Pictures are not part of the copy. Write out exactly the lines from the line with "Curd cheesecakes on a gray plate" through the end of the entries below.
· · · ·
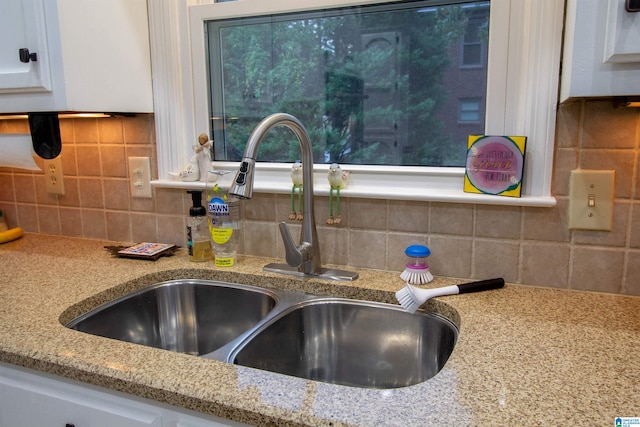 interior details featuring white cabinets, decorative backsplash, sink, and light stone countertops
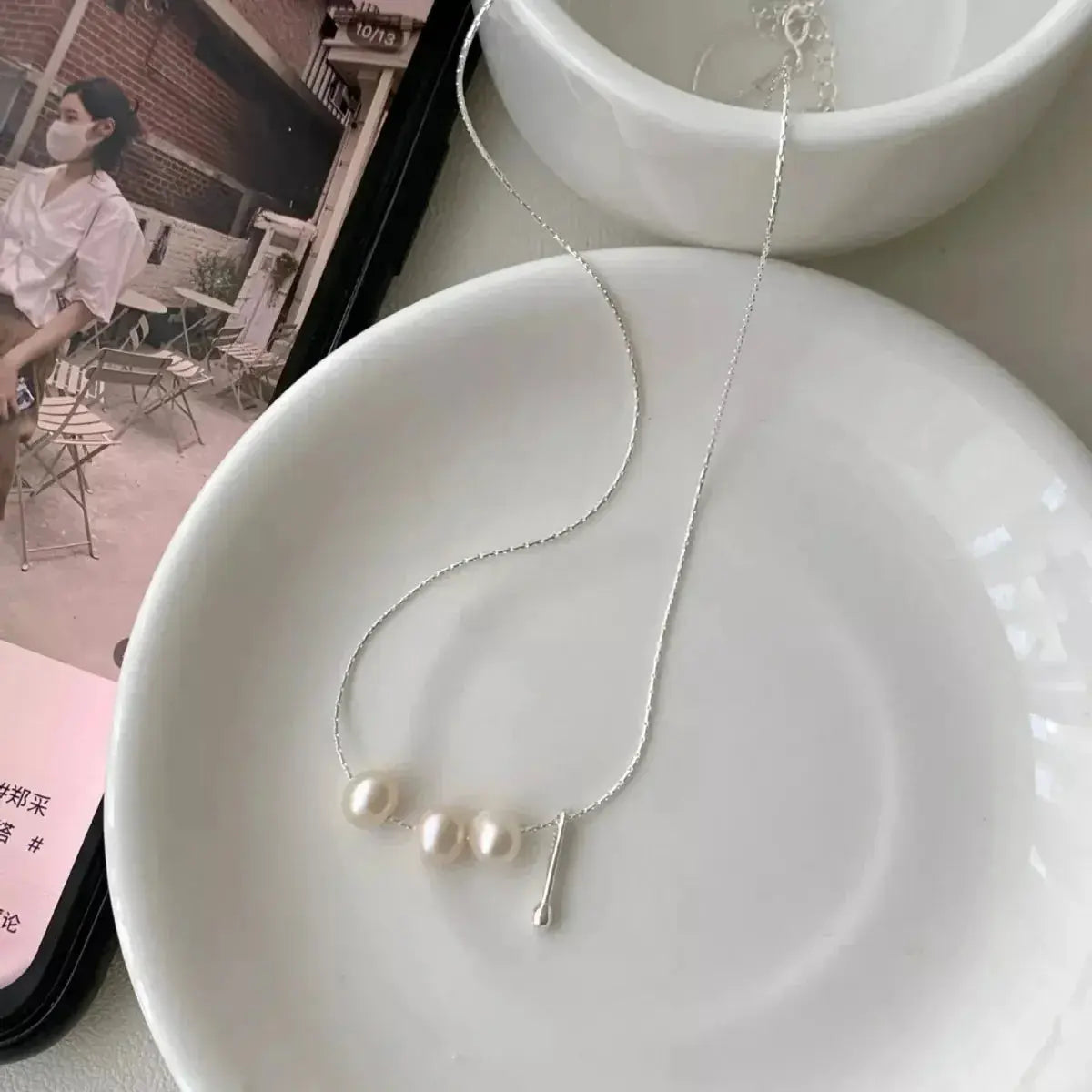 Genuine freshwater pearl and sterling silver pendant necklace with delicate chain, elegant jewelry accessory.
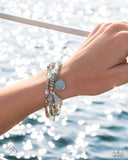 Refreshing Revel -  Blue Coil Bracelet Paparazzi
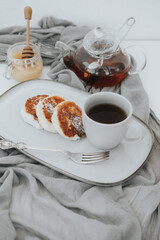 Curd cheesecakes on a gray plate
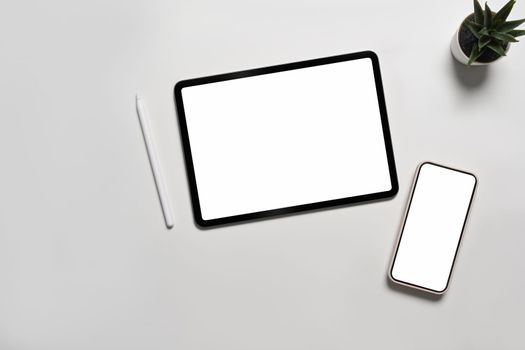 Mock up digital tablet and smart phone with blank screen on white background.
· · · ·
▶ _ANSWER BOX_
 Curd cheesecakes on a gray plate
 Mock up digital tablet and smart phone with blank screen on white background.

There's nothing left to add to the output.